更年期障害とは?

女性の卵巣機能は、40歳を過ぎた頃から低下し始めます。これに伴って、卵巣から分泌される女性ホルモンの一つ「エストロゲン」が急に減少すると、ホルモンの調整をつかさどる視床下部が混乱し、体内のホルモンバランスが乱れます。

その混乱は、自律神経にも影響を及ぼします。自律神経は、体温や発汗、呼吸や消化、脈拍、血圧などをコントロールし、一定に保つ働きをしています。自律神経の働きが乱れることで、ほてりのぼせ冷えなど、からだにさまざまな不調が現れます。

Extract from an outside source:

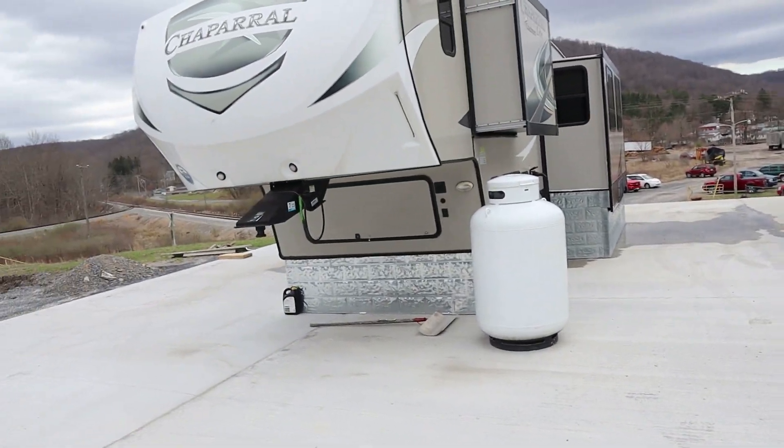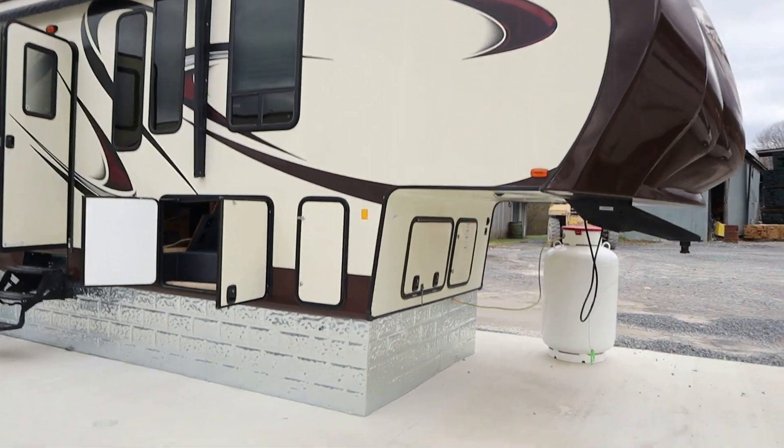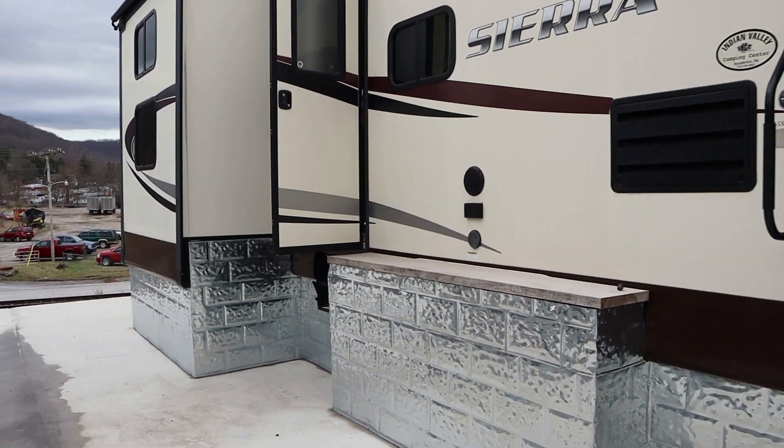Welcome back to the Hillbilly RV channel. Today working on a couple campers sitting here side by side. I'm actually at a sawmill here in West Virginia, and this is probably one of the nicest setups I've ever seen for a company to do for employee housing. Big cement pad, big enough to park cars. The campers are all underpinned, really nice. They even put a little patio area out here.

このような、ホルモンバランスの乱れによって起こる日々のつらい症状を「更年期障害」と呼んでいます。

更年期障害のメカニズム

  • 正常な状態

    脳は卵巣にエストロゲンを分泌するための指令を出します。卵巣はこの指令によってエストロゲンを分泌し、脳に分泌していることを知らせています(応答)。常に適量のホルモン分泌が起こるように、指令と応答で調節されています。

  • 更年期になると

    卵巣の機能低下でエストロゲンが分泌されなくなります。脳に応答が来ないため、脳は更にホルモンを分泌させるための指令を出します。脳からの指令ばかりが多くなり、指令と応答のバランスがとれない状態になってしまいます。

その結果、
自律神経の働きが乱れ調子が悪くなってしまいます。

個人差が大きい更年期症状

更年期は女性なら誰しも通る道ですが、ほとんど不調を感じずに過ごす人もいます。更年期症状は、性格やストレスなど精神的なものや、子育てから手が離れる、親の介護といった環境にも左右されやすいため、人によって重かったり軽かったり、自覚がなかったりもします。また、例えば「頭痛」と「手足の冷え」というように異なるいくつもの症状が重なって現れる、「頭痛」が治ったら次は「めまい」というように日によって違う症状が現れるという特徴があります。検査をしてもどこにも異常がないのにつらい症状が現れるものを「不定愁訴(ふていしゅうそ)」といい、更年期の症状はまさに「不定愁訴(ふていしゅうそ)」の代表といえます。